Success comes from understanding the role each platform plays and integrating them intelligently, rather than forcing one idea across all platforms. It’s about orchestration, not platform heroics.
Q. Will micro-dramas gain traction in 2026? Is there a risk of brands adopting the format without understanding its unique skill set?
Microdramas will gain traction, but they need to be understood for what they truly are: a format, not a strategy. Just like Reels, influencer videos or short-form films before them, microdramas are simply another way to package content for digital consumption.
We’ve seen this cycle before. There was a time when 30-second TVCs dominated. Then came longer-format brand films. Today, attention spans and platforms have pushed storytelling into shorter, episodic formats. Microdramas sit squarely in that evolution. They’re not the equivalent of “vertical TV,” and they’re certainly not a long-term replacement for brand thinking.
The risk is when brands mistake the format for the idea. Microdramas require a very specific storytelling skill: tight narratives, strong hooks and emotional payoff in seconds. When brands jump in just because the format is trending, without understanding how to use it meaningfully, the content quickly becomes forgettable.
Microdramas are best seen as one more tool in the content ecosystem. They serve engagement, not brand strategy.
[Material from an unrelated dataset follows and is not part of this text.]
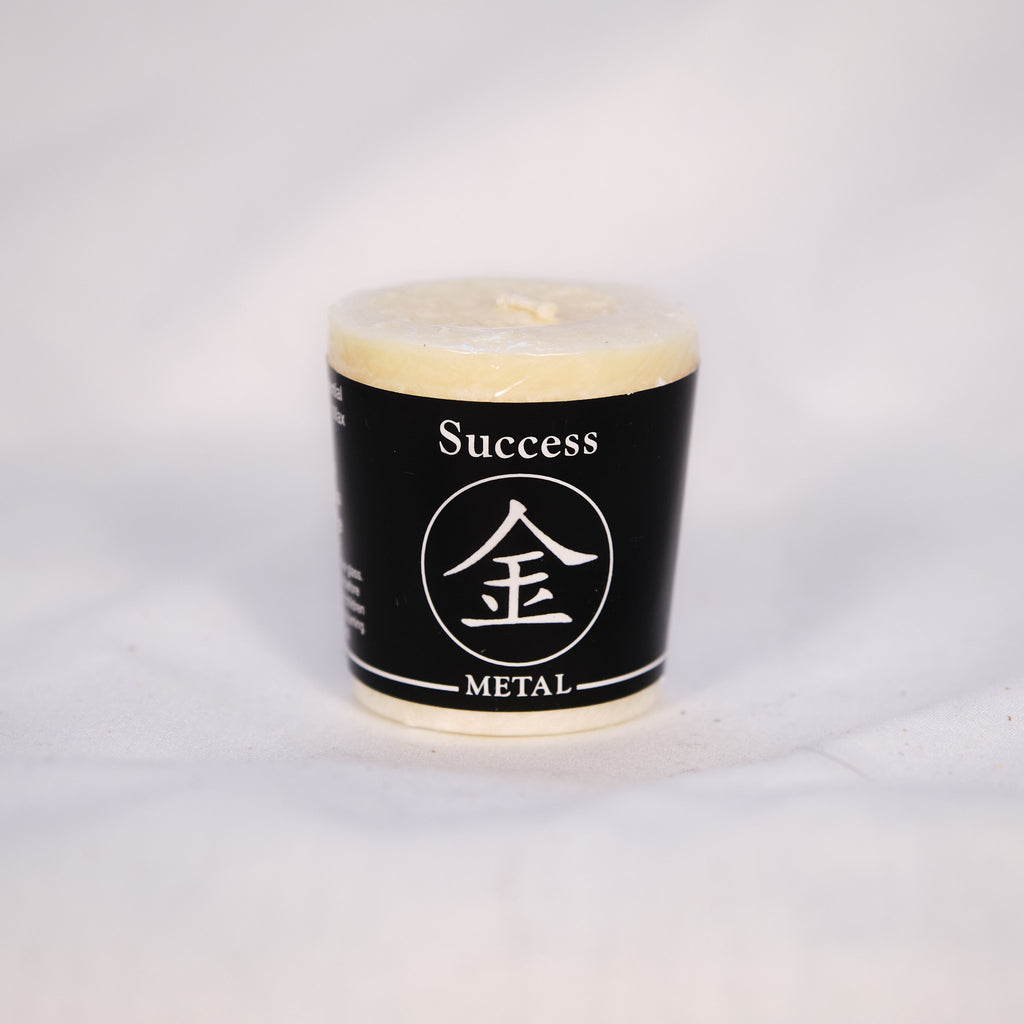 Five lit votive candles with colored labels indicating different qualities such as Success, Creativity, Passion, Wealth, and Inner Peace, arranged on a dark surface.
Something else will eventually replace them, just as formats before them evolved. The brands that succeed are the ones that use microdramas thoughtfully, as a way to serve content, not as the content itself.
Q. During pitches, why are brands increasingly seeking strategic growth partners rather than only execution agencies?
Because execution without direction doesn’t work anymore. Brands are under pressure to sell, scale and move fast; but many have realised that speed without a plan only creates noise. That’s why there’s a clear return to fundamentals. Strategy is coming back to the centre of the conversation.
Execution is essential, but if it’s directionless, it leads to sameness. Today, everyone is using the same influencers, the same formats, the same digital playbooks. Once one execution works, ten brands copy it. In that environment, differentiation doesn’t come from how you execute, it comes from what you’re saying and why you’re saying it. And that only comes from strategic thinking.
Brands are now asking sharper questions during pitches: What is the positioning? What is the message? How does this create distinction? Even if the format is similar, strategy ensures the communication stands apart.
You can see this clearly with large organisations and PSUs as well. They’re no longer satisfied with celebrity-led campaigns without a clear reason. The question now is: Why this person? What equity do they bring? How does it align with the brand and how does it drive long-term differentiation?
That’s why agencies are being evaluated as growth partners, not just executors. Brands want someone who can define the direction first and then execute with purpose.

Q. Could you share your perspective on the rise of the strategic generalist over narrow specialists?
At the core, a strategist is someone who can bring clarity out of chaos. That’s the defining skill. In complex businesses, information is everywhere. What matters is the ability to cut through it, set priorities and distinguish what is truly important from what is merely urgent.
This is where strategic generalists stand out. They understand the entire business, not just one function. They can see how marketing connects to sales, how brand links to revenue and how strategy translates into execution. Their strength lies in breaking big, complex problems into clear, actionable steps.
Specialists are valuable, no doubt. But without a unifying point of view, specialisation can lead to fragmentation. A strong strategist provides direction. With clarity and focus in place, execution becomes sharper and more effective. That ability to lead with perspective, not just expertise, is why strategic generalists are increasingly in demand.